TSA indicated that the number of enrolled patients exceeded the RIS for comparing the incidence of PON between the tropisetron group and the control group (1754 of 992 patients) (Figure 2B, Table 3) [29,30,32,33,35,40,42,48,49,50,51,56,57] when including studies comparing dexamethasone to tropisetron combined with dexamethasone (2312 of 801 patients) (Supplementary Figure S2, Table 3) [35,52,54]. The cumulative Z-curve exceeded both the conventional test and trial sequential monitoring boundaries for comparing the incidence of PON between the tropisetron group and the control group (Figure 2B, Table 3) [29,30,32,33,35,40,42,48,49,50,51,56,57] when including studies comparing dexamethasone to tropisetron combined with dexamethasone [35,52,54] (Supplementary Figure S2, Table 3) [29,30,32,33,35,40,42,48,49,50,51,52,54,56,57].

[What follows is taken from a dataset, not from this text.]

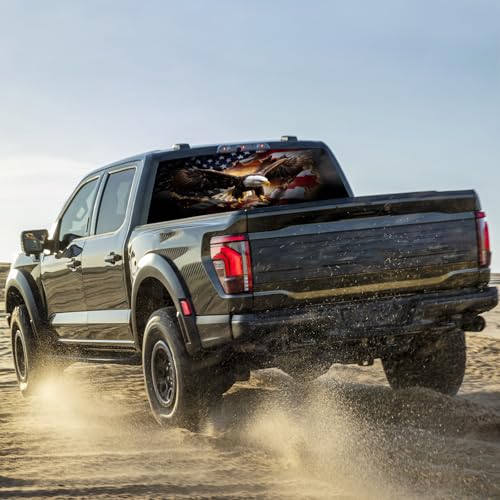 Image of Rear Window Decals for Trucks - 65x17.3 in Back Window Decals Fit Most Pickup Trucks SUV, Vinyl American Flag Back Window Decal for Car Personalized Decoration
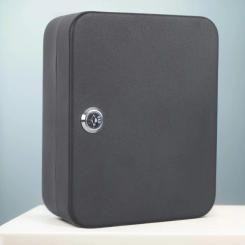 Combination Key Cabinet 20 Key Hooks Key Cabinet Wall Mount with Key/Code Lock Key Storage Lock Box Key Holder Box Wall Mount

No significant difference in terms of the incidence of PON was observed between tropisetron and metoclopramide (n = 1, RR: 0.786; 95% CI 0.407–1.516; NNTB: 13; 95% CI NNTH 8 to ∞ to NNTB 4) (Supplementary Figure S3, Table 3) [29], ondansetron (n = 4, RR: 0.981; 95% CI 0.828–1.163; I2 = 0.00; Pchi2 = 0.684; τ = 0.00, NNTH: 552; 95% CI NNTH 17 to ∞ to NNTB 18) (Supplementary Figure S4, Table 3) [42,47,48,49], ondansetron when including studies comparing tropisetron combined with droperidol to ondansetron combined with droperidol [39] (n = 5, RR: 1.016; 95% CI 0.865–1.194; I2 = 0.00; Pchi2 = 0.548; τ = 0.00, NNTH: 84; 95% CI NNTH 15 to ∞ to NNTB 23) (Supplementary Figure S5, Table 3) [39,42,47,48,49], dexamethasone (n = 4, RR: 0.994; 95% CI 0.718–1.375; I2 = 16.00; Pchi2 = 0.312; τ = 0.137; 95% PI 0.699–2.273; NNTH: 273; 95% CI NNTH 11 to ∞ to NNTB 12) (Supplementary Figure S6, Table 3) [35,50,51,54], droperidol (n = 1, RR: 0.892; 95% CI 0.658–1.208; NNTB: 15; 95% CI NNTH 9 to ∞ to NNTB 4) (Supplementary Figure S7, Table 3) [37], and granisetron (n = 2, RR: 1.296; 95% CI 0.816–2.057; I2 = 0.00; Pchi2 = 0.472; τ = 0.00; NNTH: 22; 95% CI NNTH 8 to ∞ to NNTB 29) (Supplementary Figure S8, Table 3) [42,47].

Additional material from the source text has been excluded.